Little wonder, therefore, that when a society virtually turns its back on itself (as a community) and wholehearted, uncritically embraces extreme forms of “individualism”, there are going to be consequences.

There are other factors, however.  The populations of the West are, without exception, ageing populations (albeit Europe is ageing far more quickly than the US) and as age increases sociability decreases.  Think for a moment, if you are fortunate to have progressed past your 20s, how socially active you and your peers were in your late teens and early 20s.  Now compare that to the social activity of the average 40 or 50 year old.

Absent the continual interactions of communities based on interdependence, the friendships of our youth fade away and our fixation on “individualism” means that new friendships, should we make them, are less close, less intimate and, ultimately, less rewarding so we may become increasingly less motivated to pursue new friendships.

Perhaps the problem that Lokee has recently highlighted is that this trend has accelerated.  People are becoming less truly social earlier in life.  Social anxiety appears to be on the rise although this may be due to an increased willingness to talk about and address the problem.  Unfortunately, when people come to understand that making friends isn’t always going to be as simple as it was when we were children, some will give up on the endeavour entirely.

Another possible factor is the wholesale change in our entertainment habits over the past century or so.  Consider the options available in 1914, although we might ignore those associated with World War 1.  Certainly there were solitary pursuits such as reading and writing, and hobbies such as gardening or model building or various collection activities – for those who had the material wealth to need entertainment.  However, much of what was available as entertainment involved interacting with other people – even if that entailed sitting next to them at a play or concert or at the village green watching some sport or another.

Fast forward to shortly after World War 2 and movie theatres have become far more commonplace.  More importantly television was beginning to appear.  At that time, however, movies were still rare enough that when a new one came out, pretty much anyone who had the economic wherewithal to attend would see it.  Televisions were rare enough, and novel enough, that family and friends would cluster around a single set and would share the experience of viewing a show.  At this time, these entertainments were still community events and the broad sharing of the experience allowed people to feel connected in some sense.

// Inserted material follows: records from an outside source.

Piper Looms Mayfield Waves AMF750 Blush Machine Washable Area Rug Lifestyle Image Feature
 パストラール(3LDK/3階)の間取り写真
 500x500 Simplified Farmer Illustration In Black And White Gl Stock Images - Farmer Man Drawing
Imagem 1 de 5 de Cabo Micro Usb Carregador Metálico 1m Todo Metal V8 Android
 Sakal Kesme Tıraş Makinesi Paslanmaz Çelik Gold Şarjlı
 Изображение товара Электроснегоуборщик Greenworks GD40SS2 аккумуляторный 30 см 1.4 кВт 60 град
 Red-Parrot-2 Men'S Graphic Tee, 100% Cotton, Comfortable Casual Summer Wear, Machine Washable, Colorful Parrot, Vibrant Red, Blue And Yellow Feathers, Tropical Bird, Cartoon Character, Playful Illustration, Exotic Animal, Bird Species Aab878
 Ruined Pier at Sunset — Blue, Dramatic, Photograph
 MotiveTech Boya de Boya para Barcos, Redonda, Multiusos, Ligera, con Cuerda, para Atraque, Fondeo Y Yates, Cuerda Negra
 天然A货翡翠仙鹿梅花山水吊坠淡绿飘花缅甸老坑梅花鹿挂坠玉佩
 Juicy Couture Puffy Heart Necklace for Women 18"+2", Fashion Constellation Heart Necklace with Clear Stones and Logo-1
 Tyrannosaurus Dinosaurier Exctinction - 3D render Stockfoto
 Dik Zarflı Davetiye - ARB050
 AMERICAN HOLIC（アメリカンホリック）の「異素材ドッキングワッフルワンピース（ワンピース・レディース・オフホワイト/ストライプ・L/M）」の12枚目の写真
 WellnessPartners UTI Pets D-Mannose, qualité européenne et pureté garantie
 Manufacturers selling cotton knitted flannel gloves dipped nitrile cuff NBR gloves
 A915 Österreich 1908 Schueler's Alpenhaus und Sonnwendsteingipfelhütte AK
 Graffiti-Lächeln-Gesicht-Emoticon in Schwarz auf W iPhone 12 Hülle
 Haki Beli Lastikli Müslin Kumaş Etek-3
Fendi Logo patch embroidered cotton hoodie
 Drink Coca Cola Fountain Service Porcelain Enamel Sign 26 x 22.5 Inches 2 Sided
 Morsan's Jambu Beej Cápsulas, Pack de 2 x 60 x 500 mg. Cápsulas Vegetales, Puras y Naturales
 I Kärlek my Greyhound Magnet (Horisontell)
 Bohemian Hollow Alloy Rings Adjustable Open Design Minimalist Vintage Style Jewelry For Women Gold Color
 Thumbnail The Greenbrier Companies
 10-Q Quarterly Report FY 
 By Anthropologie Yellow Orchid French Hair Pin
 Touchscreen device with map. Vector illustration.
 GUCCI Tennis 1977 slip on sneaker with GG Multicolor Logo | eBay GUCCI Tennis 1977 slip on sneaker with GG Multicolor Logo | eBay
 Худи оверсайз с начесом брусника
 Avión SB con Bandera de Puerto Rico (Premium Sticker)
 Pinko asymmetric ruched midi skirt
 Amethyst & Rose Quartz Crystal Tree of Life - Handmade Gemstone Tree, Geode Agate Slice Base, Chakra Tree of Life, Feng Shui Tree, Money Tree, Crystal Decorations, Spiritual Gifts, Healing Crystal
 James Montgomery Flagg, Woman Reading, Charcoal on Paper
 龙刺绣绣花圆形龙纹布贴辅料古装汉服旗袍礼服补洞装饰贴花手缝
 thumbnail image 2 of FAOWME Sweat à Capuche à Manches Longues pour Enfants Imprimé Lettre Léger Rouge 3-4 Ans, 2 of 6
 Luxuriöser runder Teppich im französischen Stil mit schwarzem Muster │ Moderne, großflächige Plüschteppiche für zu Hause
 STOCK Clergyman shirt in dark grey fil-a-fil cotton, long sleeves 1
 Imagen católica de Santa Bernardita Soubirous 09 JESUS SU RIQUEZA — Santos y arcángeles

Compare that to today.  The sheer number of movies being released (many directly to digital) means that only certain “blockbusters” and the occasional “movie as social phenomena” truly qualify as community events.  And that’s only if people choose to watch these movies, given that there are so many other options available: multiple television channels (cable and free-to-air), internet cat videos, philosophical flame sessions on reddit and/or slothing around in a haze induced by your synthetic drug of choice (or simple alcohol for the purists among us).  This bewildering array means that the chances that you and your neighbour share a substantially common experience of life become vanishingly thin.

This in turn means that our ability to simulate, with any fidelity, what is going on in the minds of those living around us is severely diminished and we become increasingly disconnected from each other.  So, although we might share some of our loneliness on little islands of shared culture with our nearest friends and families, we are increasingly alone.

What should we do about it?  If I understand Lokee correctly, reading between the lines a little, one option is to jettison a toxic devotion to “individualism” that acts as a demotivation with respect to any attempt to reconnect with others to create some form of community.   We must remember, of course, that if we embark on such an attempt we do so as individuals and that we are completely welcome to seek a meaningful connection with others with our own best interest firmly in mind … for it is not good to be alone, neither for others nor for ourselves.